Now - before anyone claims this is a set up - you can look on the uzebox forums. This code was posted on the 27th Jan which was 2 days before I first spoke on the lazarus troll thread.
Also I HAVE asked here several times before for help in writing better C so the compiler knows how to optimize what I am doing. So this is in form with what I have asked in the past.
The troll thread DID prompt me to ask this question though. I am curious if GCC can get close and if the way I am writing the argument is sub optimal.
Again - I do write C code. I like to write C code. I was formally taught to write C code in a university environment. All that said I know I am a pretty average C coder.
void SetRamTile(uint8_t x, uint8_t y, uint8_t tile) { x = x & 0x1f; y = y & 0x1f; vram[((y>>3)*256)+x<<3+(y&7)] = tile; }
becomes
226: { +000060BB: 716F ANDI R22,0x1F Logical AND with immediate 229: vram[((y>>3)*256)+x<<3+(y&7)] = tile; +000060BC: 2FF6 MOV R31,R22 Copy register +000060BD: 95F6 LSR R31 Logical shift right +000060BE: 95F6 LSR R31 Logical shift right +000060BF: 95F6 LSR R31 Logical shift right +000060C0: E0E0 LDI R30,0x00 Load immediate +000060C1: 718F ANDI R24,0x1F Logical AND with immediate +000060C2: 0FE8 ADD R30,R24 Add without carry +000060C3: 1DF1 ADC R31,R1 Add with carry +000060C4: E070 LDI R23,0x00 Load immediate +000060C5: 7067 ANDI R22,0x07 Logical AND with immediate +000060C6: 7070 ANDI R23,0x00 Logical AND with immediate +000060C7: 5F6D SUBI R22,0xFD Subtract immediate +000060C8: 4F7F SBCI R23,0xFF Subtract immediate with carry +000060C9: C002 RJMP PC+0x0003 Relative jump +000060CA: 0FEE LSL R30 Logical Shift Left +000060CB: 1FFF ROL R31 Rotate Left Through Carry +000060CC: 956A DEC R22 Decrement +000060CD: F7E2 BRPL PC-0x03 Branch if plus +000060CE: 5EE0 SUBI R30,0xE0 Subtract immediate +000060CF: 4FFE SBCI R31,0xFE Subtract immediate with carry +000060D0: 8340 STD Z+0,R20 Store indirect with displacement 230: } +000060D1: 9508 RET Subroutine return
Now I have tried replacing the
(y>>3)*256
part with several other variations including a struct/union that has 2x uint8 sharing with a uint16. None of them ended up better, only different.

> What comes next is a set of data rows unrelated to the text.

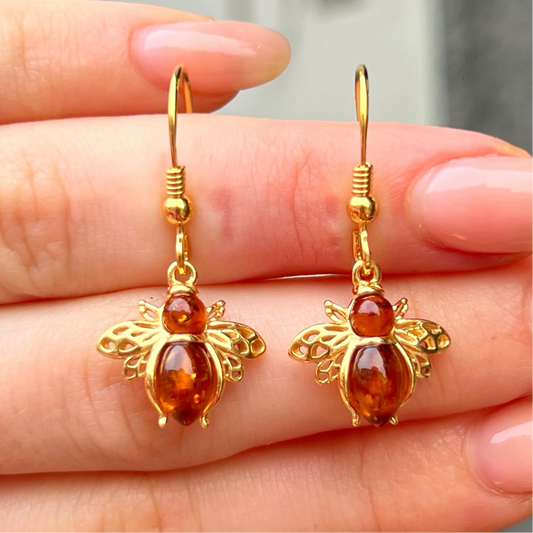 9ct Gold Plated Orange Amber Bee Design Drop Earrings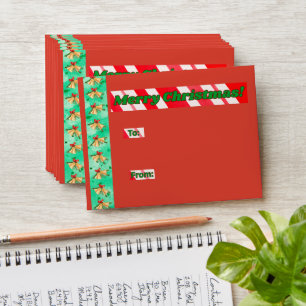Gift Card Envelope Christmas Gold Bells Red Stripe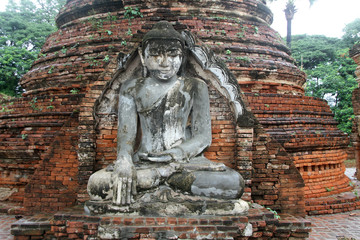 Buddha and brick stupa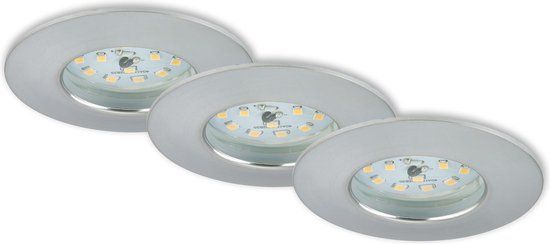 Briloner Leuchten ATTACH ONE Inbouwspots - 3 stuks - IP44 - 5W - Ø75mm - Aluminiumkleur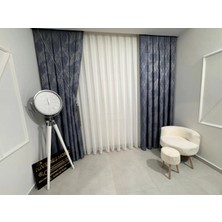 Nivemes Home Keten Tül Sezer Çöl Tasarım 1/2,5 Pileli Tül Perde 100 x 280 cm Kornişli Düz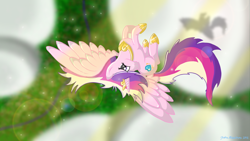 Size: 1366x768 | Tagged: safe, artist:sketchcoyote, princess cadance, alicorn, pony, female, flying, mare, solo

In fact the original version was
vram[((y>>3)*256)+8*x+(y&7)]
which I changed the (8*x) to (X<<3) and that did yield an improvement.

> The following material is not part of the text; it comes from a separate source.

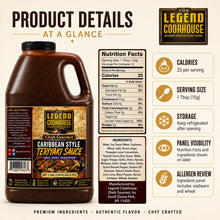 Legend Cookhouse Caribbean Style Teriyaki Sauce product details for restaurant buyers with 1 gallon size nutrition ingredients storage and allergen review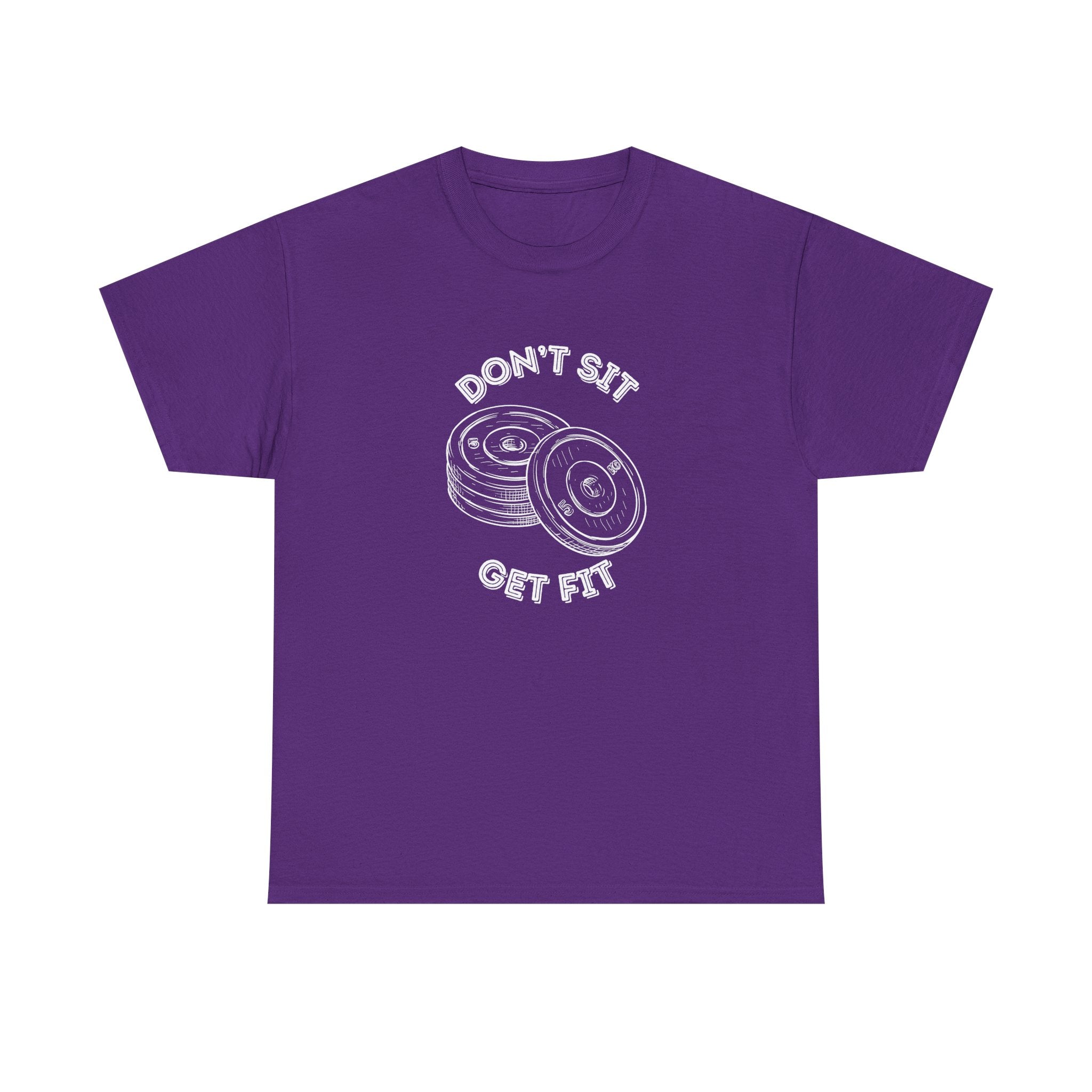 Motivational Fitness Tee - Don't Sit Get Fit, Gym Shirt, Workout Apparel, Fitness Gift, Activewear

Anyways, the ASM code that gets the same result is
;*********************************** ; SET TILE 8bit mode ; C-callable ; r24=X pos (8 bit) ; r22=Y pos (8 bit) ; r20=Tile No (8 bit) ;************************************ .section .text.SetTile SetTile: #if SCROLLING == 1 ;index formula is vram[((y>>3)*256)+8x+(y&7)] ; r22 r24 XH XL T ; y7y6y5y4y3y2y1y0 x7x6x5x4x3x2x1x0 - - - - - - - - - - - - - - - - lsl r24 ; y7y6y5y4y3y2y1y0 x6x5x4x3x2x1x0 0 lsl r24 ; y7y6y5y4y3y2y1y0 x5x4x3x2x1x0 0 0 lsl r24 ; y7y6y5y4y3y2y1y0 x4x3x2x1x0 0 0 0 mov XH,r22 ; y7y6y5y4y3y2y1y0 lsl XH ; y6y5y4y3y2y1y0 0 swap XH ; y2y1y0 0y6y5y4y3 andi XH,3 ; 0 0 0 0 0 0 y4y3 andi r22, 7 ; 0 0 0 0 0 y2y1y0 or r24, r22 ; x4x3x2x1x0y2y1y0 mov XL, r24 ; 0 0 0 0 0 0 y4y3 x4x3x2x1x0y2y1y0 subi XL,lo8(-(vram)) sbci XH,hi8(-(vram)) st X,r20 ret #else
Now I would be surprised if any compiler did the LSL/SWAP bit as that normally would not save you any time if not for the fact that bits5..7 are don't cares.
But is there a way I can hint the compiler to get it better than it is?